Hey all, some of you might remember me posting about my last years trip to Southslope Yellowstone. Here's the link for those who are interested

https://utahwildlife.net/forum/12-big-game/175690-first-timer-general-deer-south-slope-yellowstone.html

I was fortunate enough to draw the tag this year along with my uncle and my dad. I've been dreaming of coming back since I left last year as Utah really is a beautiful state. It literally is a nice breath of fresh air from California. Instead of pulling a trailer this year we ended up just renting a cabin near Duchesne. If my calculations are right we spent about $350 extra just from towing the trailer so we figured we would just put that towards a nice cabin with all the amenities for 5 nights. I picked Duchesne because it is centralized within the unit and it wouldn't be too far of a drive either way.

I've been in touch with Seven and BDwick via text from the forum. If anyone from the forum is heading up that way and wants to meet or share info message me!

I'll be doing another write up of how my trip goes for those who are interested stay tuned.

-Andrew


----------



## amp713 (Oct 27, 2017)

I'm located in Roosevelt and hunt that unit most years for archery session, let me know if you need any help


----------



## 30-06-hunter (Sep 22, 2013)

Andrew, what are the dates and which drainage are you thinking of going into? I don't deer hunt but try to keep tabs on the ones I do see while chasing elk on the south slope.


----------



## bloodtrail (Sep 20, 2007)

Did you tag out last year? You will probably draw that tag every year if you want as there are not a lot of out of state applicants for that area. It is a good area but there are a lot of hunters and recreational campers. You should be able to get a small to medium buck on a regular basis.


----------



## Kuhsoy (Feb 14, 2017)

30-06-hunter said:


> Andrew, what are the dates and which drainage are you thinking of going into? I don't deer hunt but try to keep tabs on the ones I do see while chasing elk on the south slope.


We are going to be there from the 19th-24th.

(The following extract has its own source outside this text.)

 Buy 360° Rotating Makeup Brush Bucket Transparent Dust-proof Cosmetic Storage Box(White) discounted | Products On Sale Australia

If needed for everyone to tag out we are going to extend the stay at the cabin. Considering we are not picky and not expecting trophies I'm sure that is enough time for us to fill our tags. I do have an antler less elk control permit just in case.

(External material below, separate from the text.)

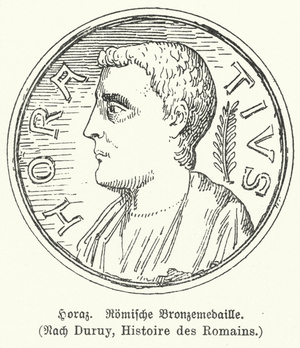 Bronze medal depicting the Roman poet Horace (litho)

Once we get there Friday the 19th we are gonna split up into two groups to scout the zone to see where the deer are. One party will probably head up towards Upper Stillwater and the other will probably head towards farmcreek/elkhorn loop. Probably after the friday of scouting we will come back and decide where we are all going to head out to for opener. Last year we saw bigger bucks on the stillwater side but saw a lot more deer on the elkhorn loop side.


----------



## Kuhsoy (Feb 14, 2017)

bloodtrail said:


> Did you tag out last year? You will probably draw that tag every year if you want as there are not a lot of out of state applicants for that area. It is a good area but there are a lot of hunters and recreational campers. You should be able to get a small to medium buck on a regular basis.


I ended up shooting a small forky. I think this area will our "filler zone" for years that we don't anticipate drawing a nice area in other states.


----------



## Kuhsoy (Feb 14, 2017)

Just a quick update. We found the deer down low I'm assuming due to the early snow this year. Long story short we had a great time. We went 4 for 4 on tags. 3 2x2s and the smallest 4x4 Ive ever seen lol. I shot mine (1st pic) on our last morning. I held our for 3 days hoping to find a big buck. I did see one nice buck but it busted before I could set up to shoot. I passed in two small frame 3x3s and bigger 2x2s over the weekend. I saw some really nice bucks get taken by other hunters. I made a little video for fun and memories.


----------



## one4fishing (Jul 2, 2015)

Good job bro. Way to get r done. Thanks for the post w pics.


----------



## CPAjeff (Dec 20, 2014)

Congrats man!


----------



## 3arabians (Dec 9, 2014)

Good stuff! Congrats to all. I enjoyed the video.

Sent from my SAMSUNG-SM-G891A using Tapatalk


----------



## brisket (Mar 3, 2015)

Can’t get better than 4 for 4. Nice work.


----------